CULTURE Tajikistan students in China warm to people-to-people engagement


Tajikistan students in China warm to people-to-people engagement


07:29, June 07, 2018


Nazar being interviewed by CGTN. (Photo: CGTN)

A key area of cooperation among members of the Shanghai Cooperation Organization involves people-to-people exchanges. 

At Shandong University’s Qingdao Campus, two students from Tajikistan have gained not only a better understanding about China but also deepened their friendship with the Chinese community.

For Nazar and Samandar, both from Tajikistan, they say when they first arrived on campus and told their Chinese classmates that they are from Tajikistan, "a lot of them had no idea where it is." In turn, the pair did not know much about China beyond Jackie Chan and Jet Li.  

It was only until they started to learn Chinese at the Confucius Institute and became graduate students in China that they began to learn more about the rich history of the world's most populous country.

"We both applied for scholarships to study at a graduate school in China," Samandar said. "We ended up in a three-year program here on international relations. I gave myself a Chinese name called He Ping as it means peace in Chinese. I like it because it also fits with my personality."

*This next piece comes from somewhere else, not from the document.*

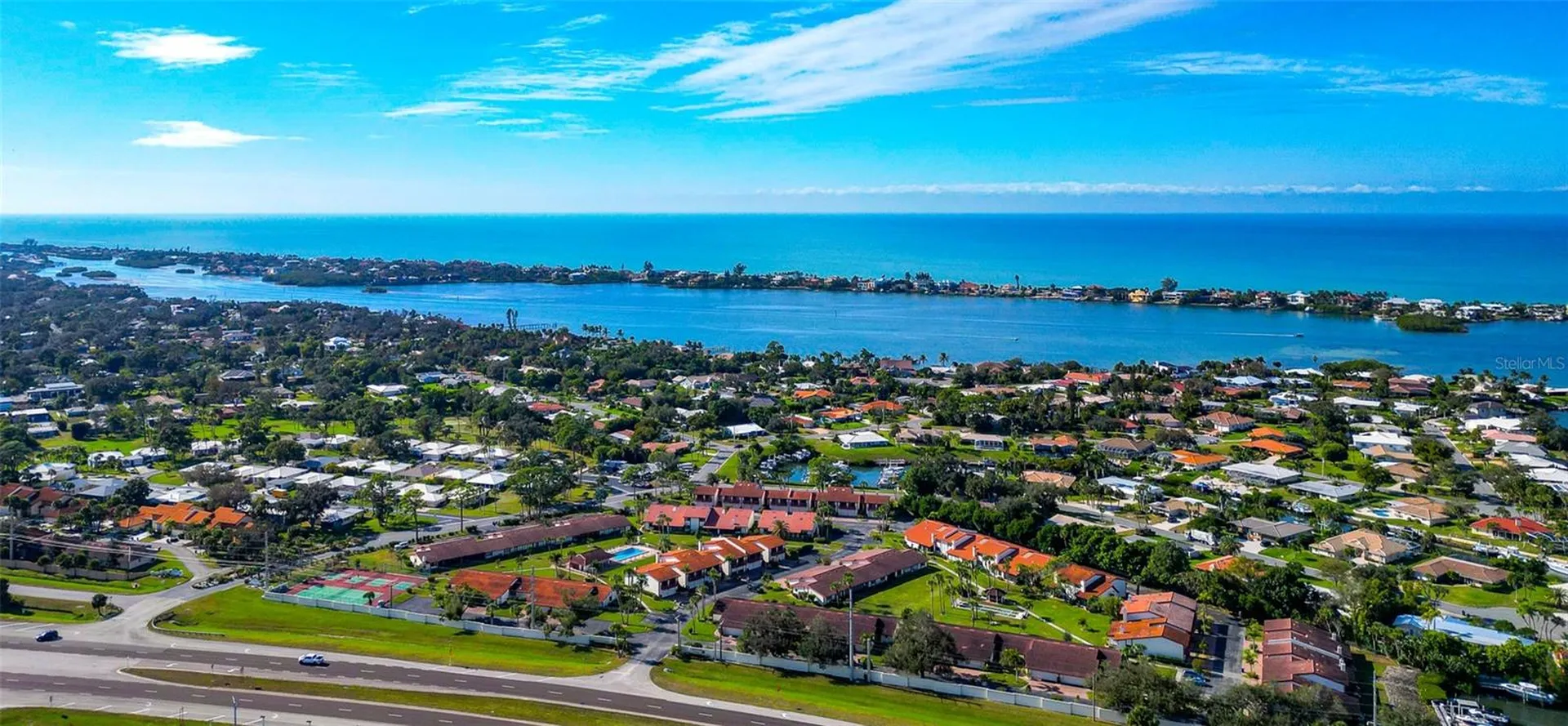 707 Sorrento Inlet Nokomis FL 34275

Nazar's Chinese name is Li Xianjun: "I really like the concept of junzi (君子)in traditional Chinese philosophy. Being a decent person precedes being a good father and a good citizen."

Both Nazar and Samandar have studied Chinese for years. Their fluency means that they mingle well with their Chinese classmates. One way they have also deepened friendships is through football.

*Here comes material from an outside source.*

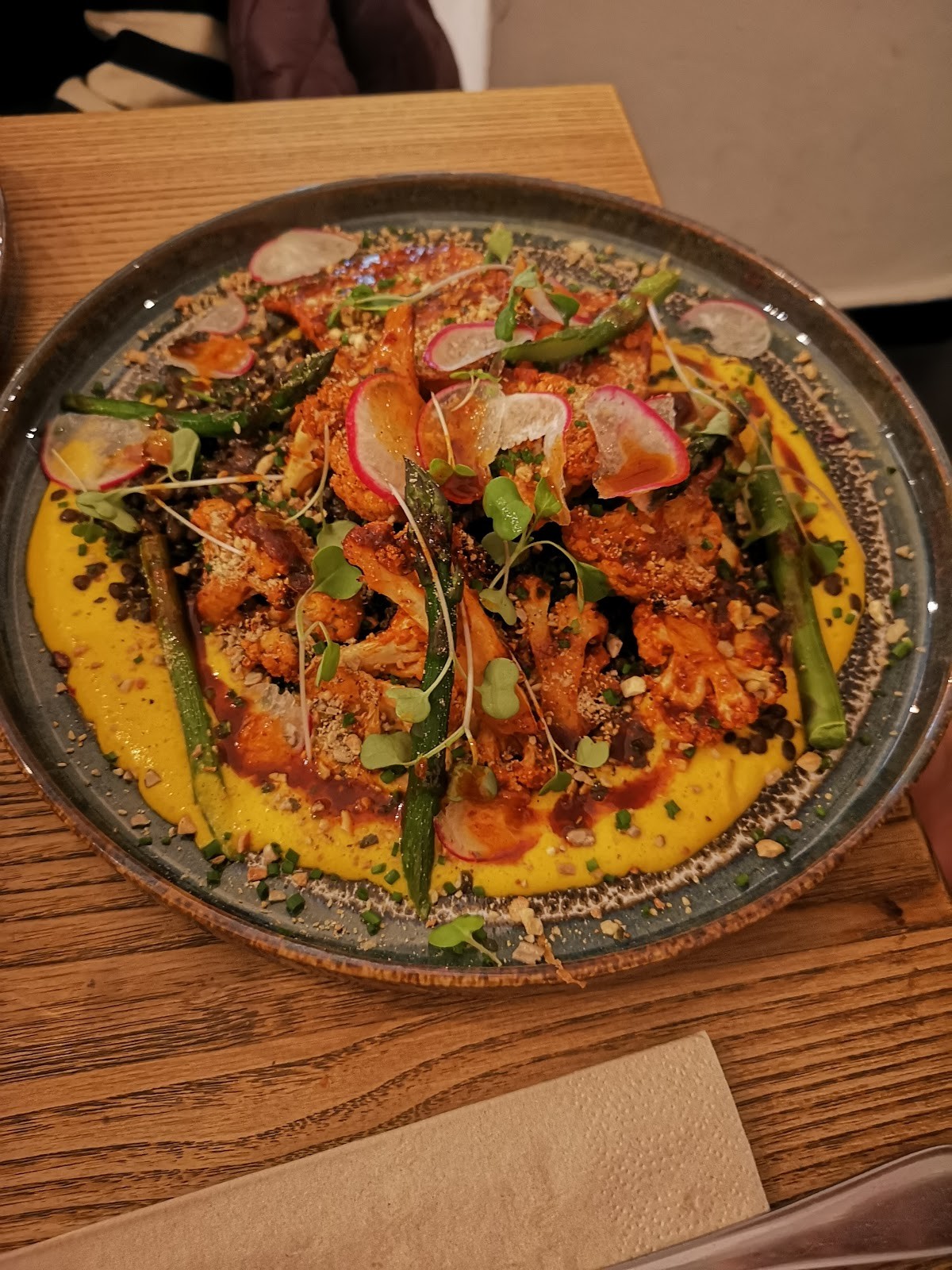 Pastva: food & drinks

One of their friend Liu Hao said they had been playing together for half a semester. 

"They are very good at football," Lui said, "and they are both very outgoing and modest people."

Another classmate Wang Xiangyu added, "They teach us about Tajikistan culture. For example, their biggest festival Navruz, their language and political system."

Asked about their future goals, both of them said they want to become diplomats and take advantage of the booming bilateral relations and applying what they've learned here to their home country. 

"Many Chinese companies have set up factories in my country. We also import a lot of goods from China like clothing. Tajikistan has rich natural resources like gold and minerals, yet we lack production capabilities and high technology. That, in my opinion, is something we need to learn from China," said Samandar.

Just like Nazar and Samandar have deepened their relations with other Chinese students in college, the two countries are also strengthening exchanges and cooperation with each other.  As Chinese President Xi Jinping says, countries of the Shanghai Cooperation Organization should continue to increase understanding between their peoples and foster enduring friendships.